I also tried with grep, but it didn't work because the sequences do not occupy a fixed number of lines:

grep -A 1 -f platyrrhini_or_accessions.txt platyrrhini_784ORs.fasta > filtered_platyrrhini_ORs.fasta

This captured the 229 headers but only 1 line from each sequence.

And lastly I used awk:

awk 'BEGIN {FS="|"} NR==FNR {accessions[$1]; next} 
     {if (substr($0, 1, 1) == ">") {seq_id = substr($0, 2); seq = $0} 
      else {seq = seq "\n" $0} 
      if (seq_id in accessions) {print seq_id "\n" seq}}' \
platyrrhini_or_accessions.txt platyrrhini_784ORs.fasta > filtered_platyrrhini_ORs.fasta

and the output file was empty.

I would really appreciate any help.


Solution

  • Using awk for this is a good idea but there are several issues with your code:

    • With seq_id = substr($0, 2) you assign not just the ID but the whole header minus the leading >.

    • With accessions[$1] the index you add to array accessions is the ID without the leading >. But the value of seq_id in seq_id in accessions has the leading >.

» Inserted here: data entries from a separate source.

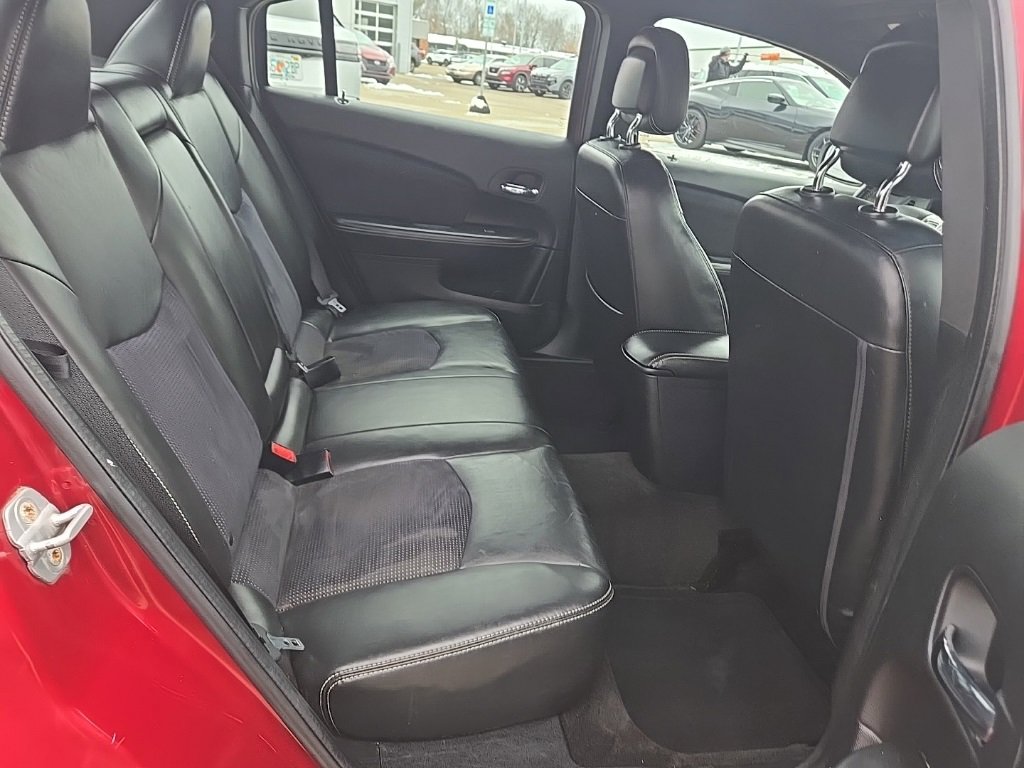 Used 2011 Chrysler 200 S image 22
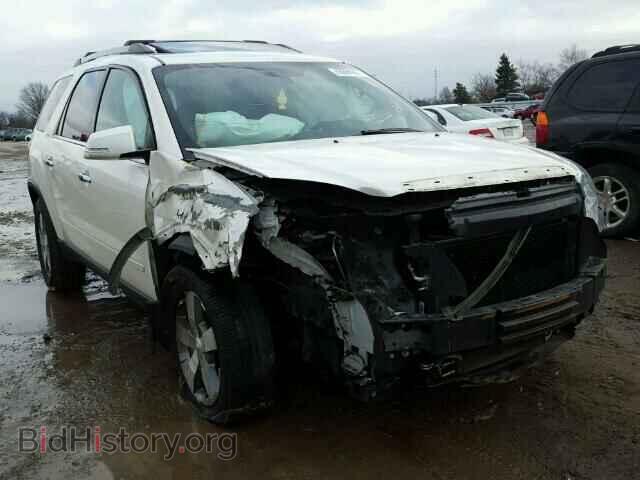 Photo 1GKKVRED8CJ107357 - GMC ACADIA 2012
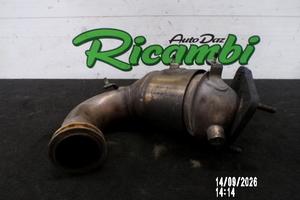 CATALIZZATORE PER ALFA 159 1.9 JTD ANNO 2007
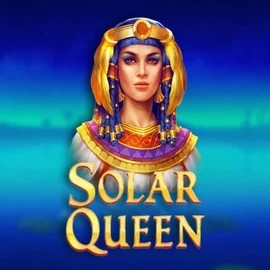 Play Solar Queen slot by Playson on hugobetsbe.com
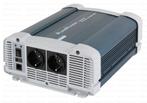 Xenteq Inverter Zuivere sinus PPI 1500-212 12V-230V, Telecommunicatie, Zenders en Ontvangers, Ophalen of Verzenden, Nieuw
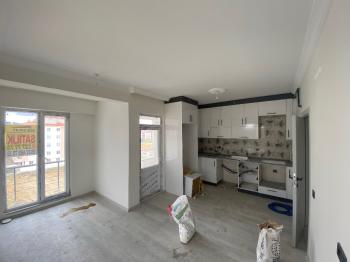 GÜVENAY - ÇORUM BUHARAEVLER BAYAT GEDİĞİ CİVARI SATILIK DAİRE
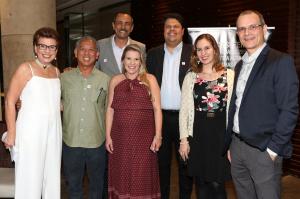 ML,Koiti,Leticia,Erica,L.Canhoni,Douglas,Osvaldo - Parceiros Deca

    • You decide to print while processing the header (inside the if (substr($0, 1, 1) == ">" {...}), so the rest of the sequence is not yet in your seq variable.

    • ...

    If the header lines always start with a > and no other lines start with a >, you can try:

    awk -F '|' '
      NR == FNR {accessions[">" $1]; next}
      /^>/ {to_print = $1 in accessions}
      to_print' platyrrhini_or_accessions.txt platyrrhini_784ORs.fasta
    

    awk statements are pattern-action pairs applied to the input records, where the action is executed if and only if the pattern is true for the current record. In your case records are regular lines.

    • The pattern of the first statement (NR == FNR) is true only for the lines of the first file. Its action (accessions[">" $1]; next) stores the ID found in platyrrhini_or_accessions.txt with an added leading > as index of the accessions array and moves to the next line (next), such that the 2 other statements are skipped.

    • The pattern of the second statement (/^>/) is a regular expression and evaluates as true for all lines with a leading >. The action (to_print = $1 in accessions) assigns true to variable to_print if the first field of the line, that is, the ID with the leading >, is an index of the accessions array, else false.

    • The third statement has only the pattern part (to_print), no action part. So it applies the default action (print) to the current line if to_print is true, that is, if the last ID we encountered is in platyrrhini_or_accessions.txt.

    Note: in awk there is no real boolean type; 0 and the empty string are considered as false, anything else as true. With any POSIX-compliant awk, in the above code, the to_print variable takes value 0 (false) or a non-zero numeric value (true), likely 1 (but this is not specified by POSIX).